Ne esce, alla fine della giornata parlamentare, una Meloni che forse mai come oggi si era schierata così esplicitamente con Trump. Ha annunciato che andrà al Consiglio Europeo a mettersi di traverso sull’uso degli asset russi. Roma eventualmente vorrebbe usarli per la ricostruzione. Come eventualmente vorrebbe Trump, in nome degli affari. Ha ribadito che non ci saranno soldati italiani in Ucraina, mentre gli europei discutono di questo. Ha evocato una concordia Europa-Stati Uniti che non può esistere nel momento in cui l’amministrazione Usa descrive l’Unione Europea come una realtà ostile.
“Vi dite patrioti ma se giocate contro l’Europa giocate anche contro l’Italia” incalzano dal Pd, ricordando come dagli Stati Uniti si accrediti l’Italia come uno dei paesi grimaldello per scardinarla. Sull’Ucraina, e sull’unità europea, date le premesse di oggi l’Italia sarà un ostacolo, non un punto di forza. Le opposizioni: Elly Schlein prende la parola, rivendica un ruolo europeo nelle trattative di pace, e attacca: “Salvini ora fa il portavoce del Cremlino?”.

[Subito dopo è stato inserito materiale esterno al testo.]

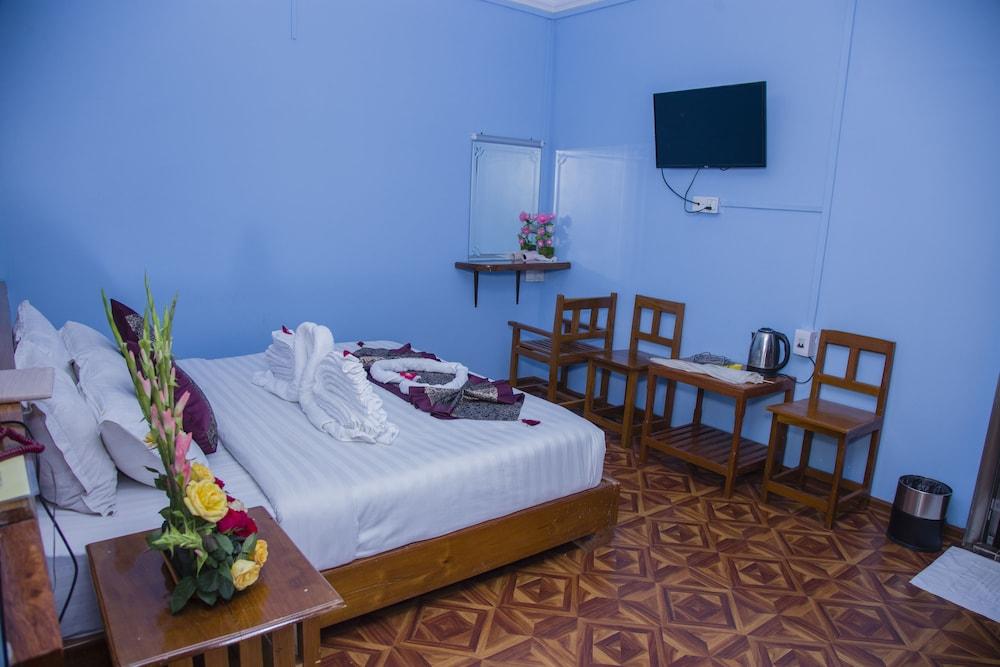Ye Myanmar Hotel
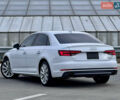 Ауди А4, объемом двигателя 2 л и пробегом 125 тыс. км за 17700 $, фото 18 на Automoto.ua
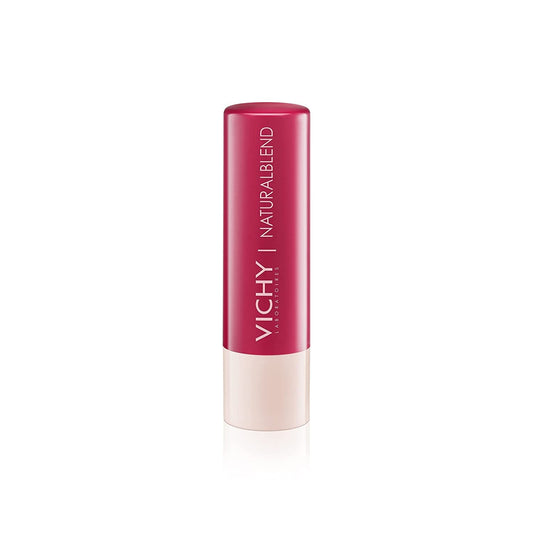 Vichy NaturalBlend Tinted Lip Balm Pink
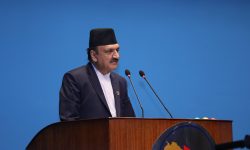 उच्चस्तरीय प्रशासन सुधार आयोग गठन हुने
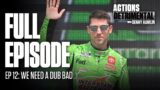 "We Need A Dub Bad" – Full Episode | Actions Detrimental with Denny Hamlin
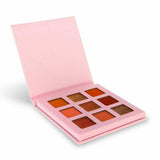 Eye Shadow Palette Mad Beauty DPPP-C12 25 ml (9 x 1,1 g)-2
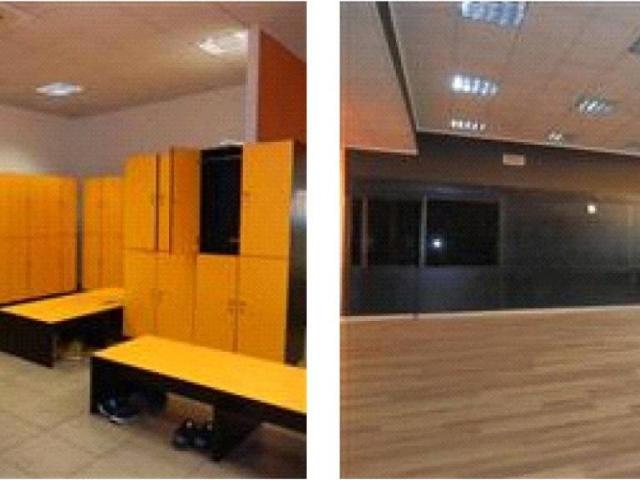 Locale Commerciale in vendita a Robbiate, Lombardia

Facile, per le opposizioni, mettere il dito in quella piaga anzi in quelle piaghe. Un po’ meno facile prendere atto delle proprie divisioni. Quelle di bandiera, per cui ciascun gruppo presenta la sua mozione, e così sono sei, con inevitabile ironia del governo. E le divisioni di sostanza, con battute a sinistra del tipo “si deve pensare alle pensioni, non all’Ucraina”, con il capogruppo 5 Stelle Ricciardi che fa un discorso anti Ucraina che non dispiacerebbe al Salvini attaccato da Schlein, con Conte che sui beni russi congelati manda un avviso di fuoco a Meloni: “Stia attenta alle firme che mette a nome degli italiani sugli asset russi. È pericolosissimo”.
Provenzano, del Pd, che aveva difeso l’Europa e l’Ucraina, in Transatlantico dice: “siamo il partito di maggioranza, imporremo la nostra linea”. Alle opposizioni, viste oggi alla Camera, converrebbe che la guerra in Ucraina finisse prima delle prossime elezioni.